The “whiskers” extend to points that lie within 1.5 IQRs of the lower and upper quartile, and then observations that fall outside this range are displayed independently.
This means that each value in the boxplot corresponds to an actual observation in the data.
Let's try to visualize the distributio of Item_Outlet_Sales of items.

In [None]:
data = data_BM[['Item_Outlet_Sales']]

# create outlier point shape
red_diamond = dict(markerfacecolor='r', marker='D')

# set title
plt.title('Item Sales distribution')

# make the boxplot
plt.boxplot(data.values, labels=['Item Sales'], flierprops=red_diamond);

In [None]:
data = data_BM[['Item_Outlet_Sales', 'Item_MRP']]

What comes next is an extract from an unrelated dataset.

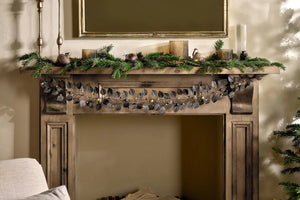 Nkuku Ishana Christmas Garland - Antique Brass - Plastic Freedom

# create outlier point shape
red_square = dict(markerfacecolor='r', marker='s')

# generate subplots
fig, ax = plt.subplots()

# make the boxplot
plt.boxplot(data.values, labels=['Item Sales', 'Item MRP (price)'],vert=False,flierprops=red_square);

# Violin Plots
Density distribution of Item weights and Item price

In [None]:
data = data_BM[['Item_Weight', 'Item_MRP']]

# generate subplots
fig, ax = plt.subplots()

# add labels to x axis
plt.xticks(ticks=[1,2], labels=['Item Weight', 'Item MRP'])

# make the violinplot
plt.violinplot(data.values);

# Scatter Plots
Relative distribution of item weight and it's visibility
It depicts the distribution of two variables using a cloud of points, where each point represents an observation in the dataset.
This depiction allows the eye to infer a substantial amount of information about whether there is any meaningful relationship between them.

In [None]:
# set label of axes 
plt.xlabel('Item_Weight')
plt.ylabel('Item_Visibility')

# plot
plt.scatter(data_BM["Item_Weight"][:200], data_BM["Item_Visibility"][:200])